What the exercise asks:
Each line from the one containing "2795 Fawn Lake Boulevard, Mims, FL 32754" to the end of the entries below must be restated exactly, and no other line should appear.

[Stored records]
'''

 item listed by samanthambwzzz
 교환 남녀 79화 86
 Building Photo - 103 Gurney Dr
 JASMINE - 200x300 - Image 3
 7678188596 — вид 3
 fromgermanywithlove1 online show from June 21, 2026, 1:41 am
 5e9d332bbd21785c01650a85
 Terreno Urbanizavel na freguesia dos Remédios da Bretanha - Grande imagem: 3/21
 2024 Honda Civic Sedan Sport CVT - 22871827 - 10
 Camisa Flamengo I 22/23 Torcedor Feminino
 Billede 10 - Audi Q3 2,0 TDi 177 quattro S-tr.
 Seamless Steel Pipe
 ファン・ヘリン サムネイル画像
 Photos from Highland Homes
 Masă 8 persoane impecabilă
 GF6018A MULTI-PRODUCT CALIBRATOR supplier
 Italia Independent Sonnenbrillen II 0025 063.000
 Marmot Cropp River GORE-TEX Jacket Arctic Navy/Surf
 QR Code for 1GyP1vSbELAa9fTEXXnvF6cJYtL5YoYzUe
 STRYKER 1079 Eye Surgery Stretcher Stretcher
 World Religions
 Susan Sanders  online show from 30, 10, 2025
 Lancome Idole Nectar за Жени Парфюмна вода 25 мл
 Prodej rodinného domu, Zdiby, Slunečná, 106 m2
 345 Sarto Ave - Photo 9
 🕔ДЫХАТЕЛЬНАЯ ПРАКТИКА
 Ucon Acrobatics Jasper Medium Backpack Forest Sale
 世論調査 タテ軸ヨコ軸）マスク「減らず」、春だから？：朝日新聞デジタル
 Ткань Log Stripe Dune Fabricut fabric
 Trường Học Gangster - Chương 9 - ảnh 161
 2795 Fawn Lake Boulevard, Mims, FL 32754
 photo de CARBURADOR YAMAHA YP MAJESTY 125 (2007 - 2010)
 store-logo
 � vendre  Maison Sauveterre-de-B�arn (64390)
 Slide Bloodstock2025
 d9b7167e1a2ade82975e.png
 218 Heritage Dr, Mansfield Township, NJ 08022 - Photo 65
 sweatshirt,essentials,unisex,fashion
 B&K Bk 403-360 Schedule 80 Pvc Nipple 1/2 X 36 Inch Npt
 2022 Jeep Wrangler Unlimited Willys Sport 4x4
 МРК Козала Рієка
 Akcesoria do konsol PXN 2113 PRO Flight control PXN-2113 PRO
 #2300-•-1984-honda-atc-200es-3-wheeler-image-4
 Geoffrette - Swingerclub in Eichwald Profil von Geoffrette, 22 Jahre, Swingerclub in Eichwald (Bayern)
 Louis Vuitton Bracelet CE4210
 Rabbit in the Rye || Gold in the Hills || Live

'''

Solution to this task:
 2795 Fawn Lake Boulevard, Mims, FL 32754
 photo de CARBURADOR YAMAHA YP MAJESTY 125 (2007 - 2010)
 store-logo
 � vendre  Maison Sauveterre-de-B�arn (64390)
 Slide Bloodstock2025
 d9b7167e1a2ade82975e.png
 218 Heritage Dr, Mansfield Township, NJ 08022 - Photo 65
 sweatshirt,essentials,unisex,fashion
 B&K Bk 403-360 Schedule 80 Pvc Nipple 1/2 X 36 Inch Npt
 2022 Jeep Wrangler Unlimited Willys Sport 4x4
 МРК Козала Рієка
 Akcesoria do konsol PXN 2113 PRO Flight control PXN-2113 PRO
 #2300-•-1984-honda-atc-200es-3-wheeler-image-4
 Geoffrette - Swingerclub in Eichwald Profil von Geoffrette, 22 Jahre, Swingerclub in Eichwald (Bayern)
 Louis Vuitton Bracelet CE4210
 Rabbit in the Rye || Gold in the Hills || Live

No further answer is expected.